One thing that WhatsApp had long wanted to offer but needed time to implement was seamless end-to-end encryption, so every messaging conversation, voice call, and video session was sealed off from prying eyes, in a way that protected users without requiring them to change their habits. The company began working on the effort in 2013 and completed it in early 2016. “There are a lot of regimes out there that spy on their citizens or want to spy on their citizens,” says Koum, who was born in Ukraine when it was part of the Soviet Union and arrived in the U.S. as a teenager. “That are not very democratic, that try to have really strong censorship, and we’ve always been against that.”

WhatsApp’s implementation of encryption has not been without controversy; it’s led to the app being periodically blocked in Brazil and, more recently, hobbled by China’s Great Firewall. However, Koum—who is careful to share credit with Apple, which has built encryption into its iMessage protocol—says that the fact WhatsApp is securing billions of communications a day in a way that it can’t bypass with a backdoor has helped governments get their heads around the new reality.

“We’ve learned that governments and law enforcement agencies have understood and accepted the fact that end-to-end encryption is here to stay,” he says. “Nobody has come and asked us to turn off end-to-end encryption or disable it, which you actually cannot do mathematically. The moment you provide a backdoor to an end-to-end encrypted product, it’s no longer an end-to-end encrypted product.”

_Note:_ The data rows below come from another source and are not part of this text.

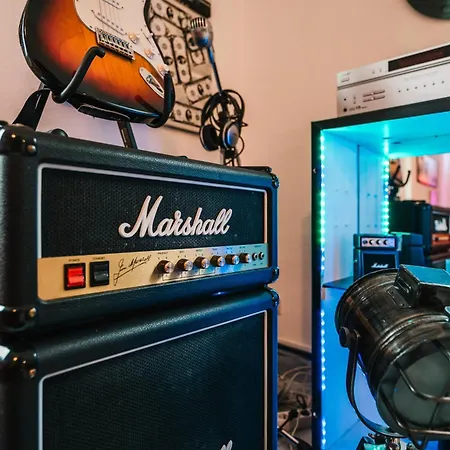 호텔 Oma's Kueche & Quartier *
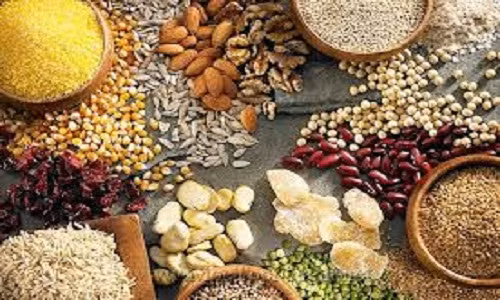  5 Ngũ cốc. Các món ăn được chế biến từ ngũ cốc nguyên hạt bao gồm một lượng khá lớn calo và các khoáng chất như canxi, sắt… cần thiết cho sự phát triển của trẻ.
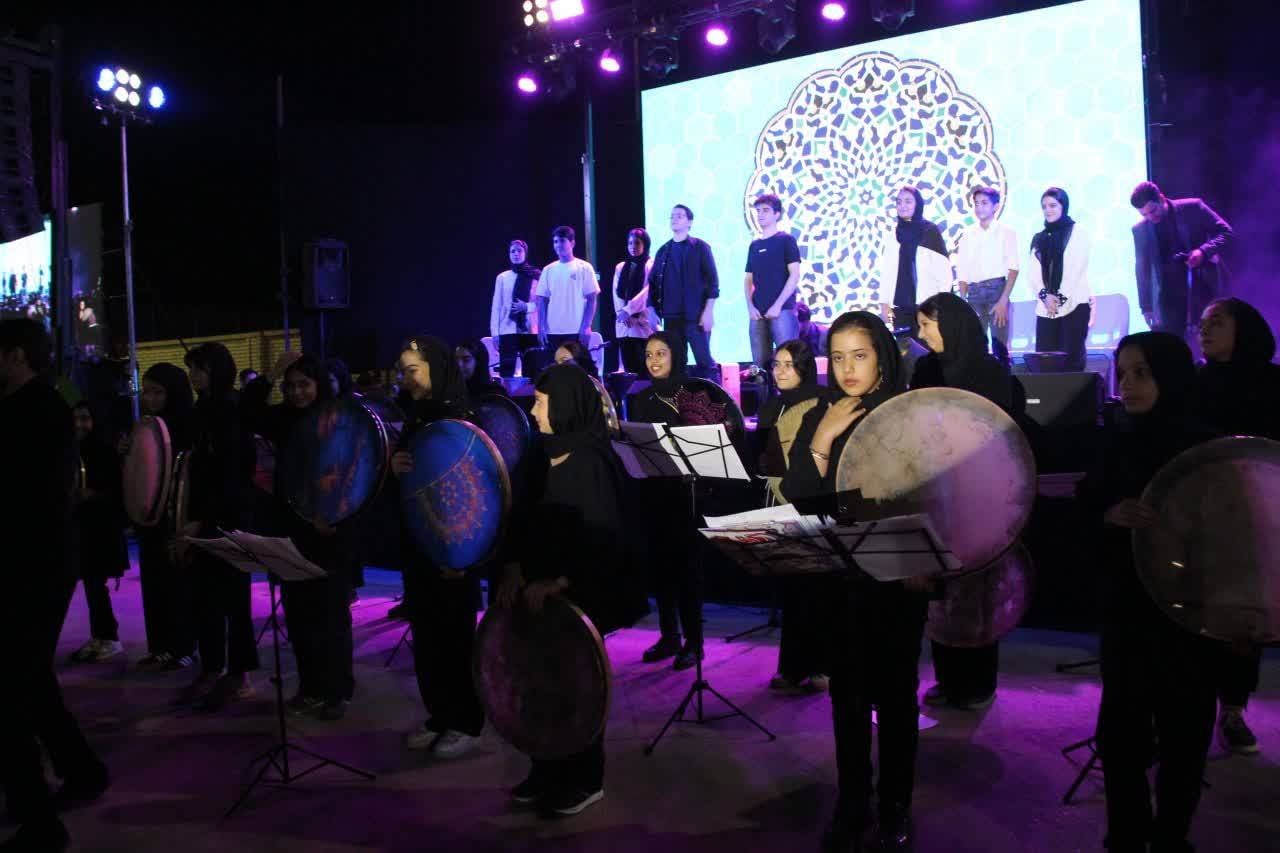 برگزاری سومین جشنواره پسته احمد آباد در شهرستان اردکان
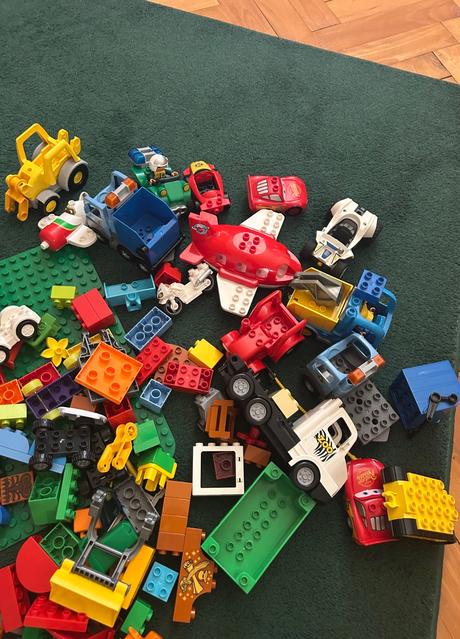 Lego duplo ( vyše 6kg),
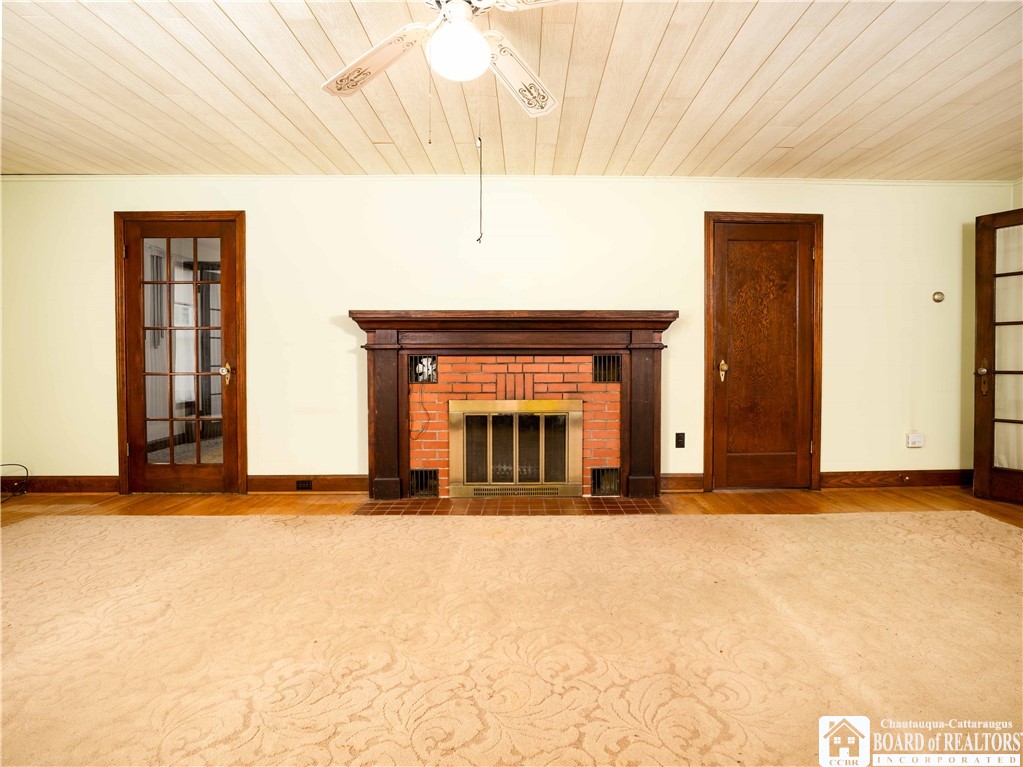 17 Lodi Street Hanover, NY 14062 - Photo 15 of 33 Working wood fireplace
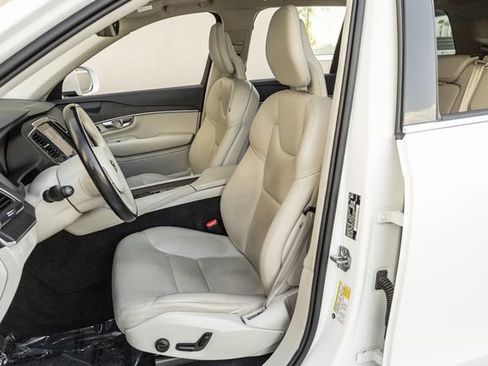 Used 2020 Volvo XC90 T5 Momentum FWD image 12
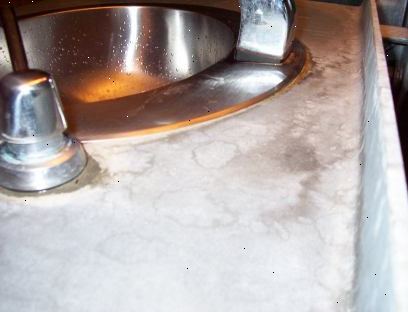 Hvordan du rengjør galvanisert stål metall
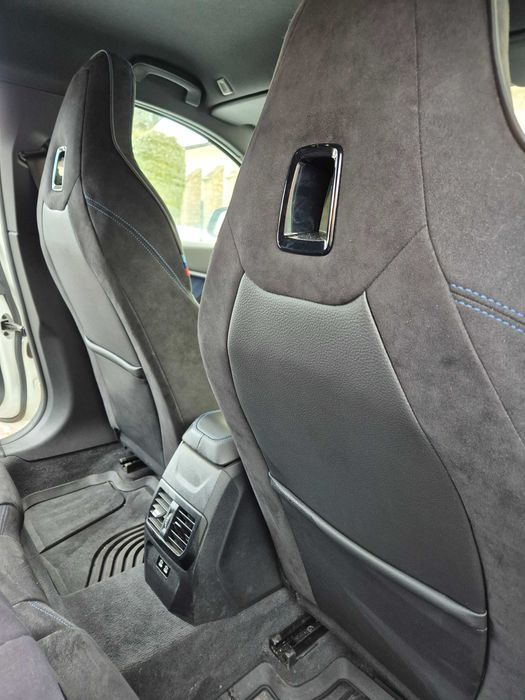 samochód osobowy BMW seria 1 F40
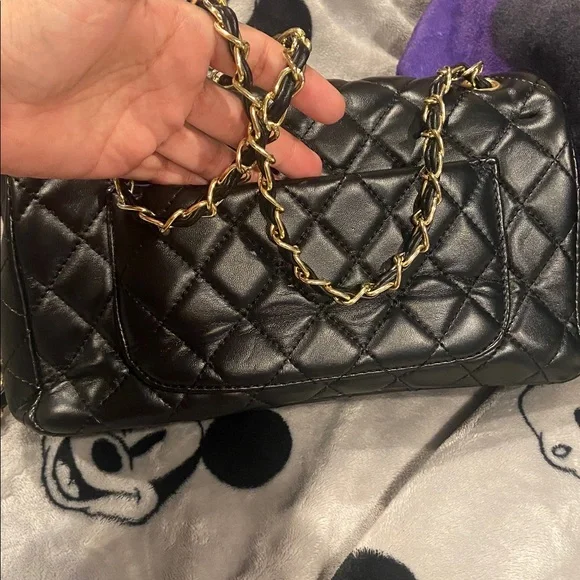 Elegant Black Quilted w/gold /hardware Chain Shoulder Bag - Picture 3 of 16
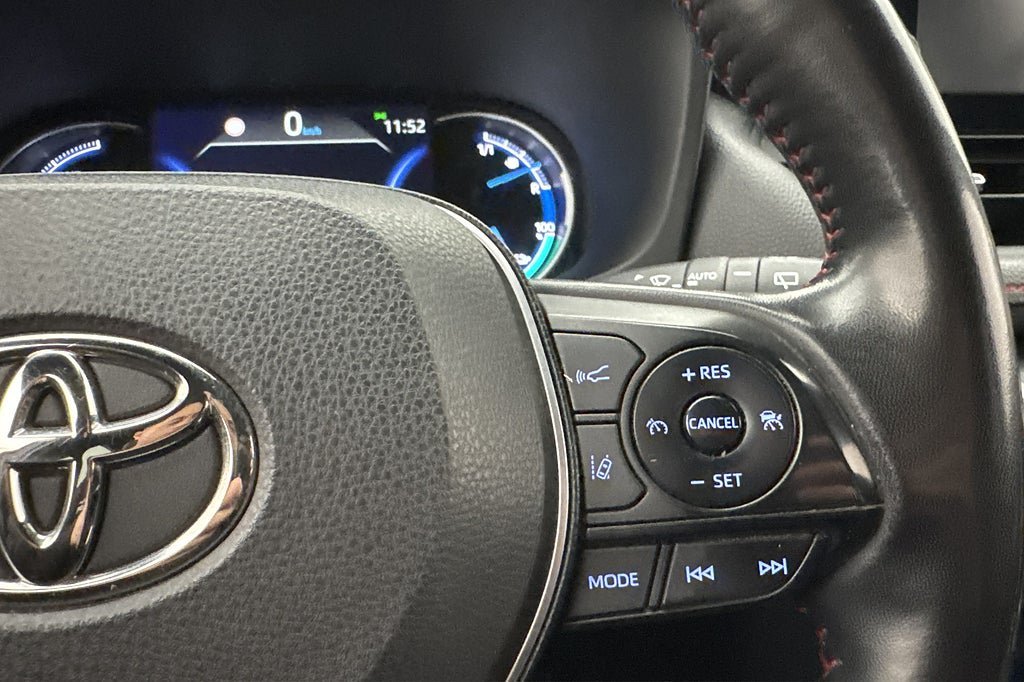 Vehicle Image 16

WhatsApp’s “Focus Wall,” by muralist Ian Ross.

Getting Down To Business

Facebook has granted WhatsApp the freedom to maintain its focus on building a simple, utilitarian, user-pleasing app without rushing any effort to monetize those 1.3 billion members. Prior to being acquired, the company had a hardline attitude against ads. It still doesn’t show them, making for a sharp contrast with Instagram, which now touts the fact it has more than a million advertisers, making it a significant contributor to Facebook’s overall revenue.

For a while now, WhatsApp has been talking about an alternative business model that Messenger is also developing: serving as an intermediary between consumers and businesses for purposes such as customer service. Koum still isn’t ready to spill the details on anything specific that the company might be building in that area. But he does tell me about instances where it could make sense. If your Lufthansa flight is delayed, he explains, you might appreciate hearing that news via WhatsApp—and then having the chance to rebook it within the app.

It’s possible that Lufthansa might pay for that opportunity, but Koum stresses that WhatsApp isn’t yet concentrating on the financial side of such scenarios. Instead, it’s still working out what the user experience would be like.

“Already, we have businesses who use WhatsApp for their communication with their customers,” he says. “And in a way, it’s kind of like trying to put a round peg in a square hole because the tool is not the right tool for them to use. What we’ve talked about is that our network would be more valuable if we could get businesses to use it appropriately.”

Though designing functionality to let businesses communicate with their customers would be a new frontier for WhatsApp, it would also be very much in the spirit of the success the company has found by offering the world a better alternative to wireless carriers’ text messaging services. “I get alerts from my dentist reminding me for an appointment via SMS, and I have to reply ‘yes’ or ‘no,'” Koum notes. “It’s not a very good user experience.”

After discussing WhatsApp’s present and future with Koum, I wrap up by asking him about its early days. Was there a moment when he knew that he and Acton had created something with the potential to appeal to a meaningful percentage of humanity?

“In Hollywood films, they always make it look like there’s that epiphany you have, that you come up with an idea and you run to the patent office with music playing in the background,” he laughs. But he believes that he and Acton found a winning formula over time because they experimented, leveraged the technologies available to them (such as iOS notifications, which Apple introduced in 2009), and watched how people used their app. Not only is this approach repeatable, he adds, it’s become even more doable as smartphones have reached even more people and matured as a platform.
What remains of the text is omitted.